PROVIDED INFORMATION section start
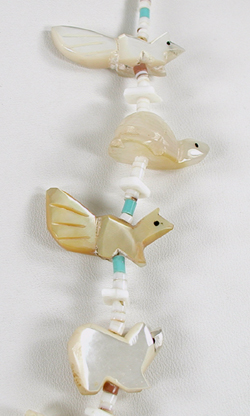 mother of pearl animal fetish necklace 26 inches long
PROVIDED INFORMATION section end
PROVIDED INFORMATION section start
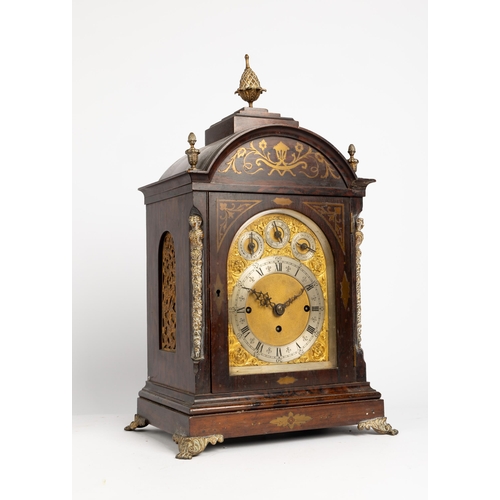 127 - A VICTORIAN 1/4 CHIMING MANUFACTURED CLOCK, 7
PROVIDED INFORMATION section end
PROVIDED INFORMATION section start
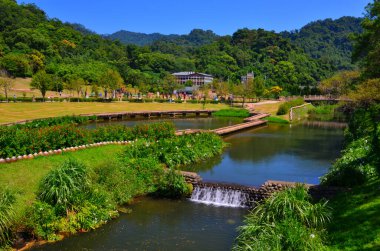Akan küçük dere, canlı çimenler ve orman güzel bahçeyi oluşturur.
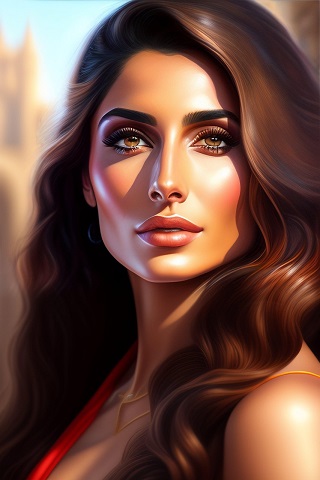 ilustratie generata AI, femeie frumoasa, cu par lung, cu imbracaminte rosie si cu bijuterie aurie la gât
PROVIDED INFORMATION section end
_WHAT TO PRODUCE:_ Copy the listing above exactly, but only from the line with "Akan küçük dere, canlı" through the line with "ilustratie generata AI, femeie", including those two lines and excluding any picture.

_FINISHED EXERCISE:_
Akan küçük dere, canlı çimenler ve orman güzel bahçeyi oluşturur.
 ilustratie generata AI, femeie frumoasa, cu par lung, cu imbracaminte rosie si cu bijuterie aurie la gât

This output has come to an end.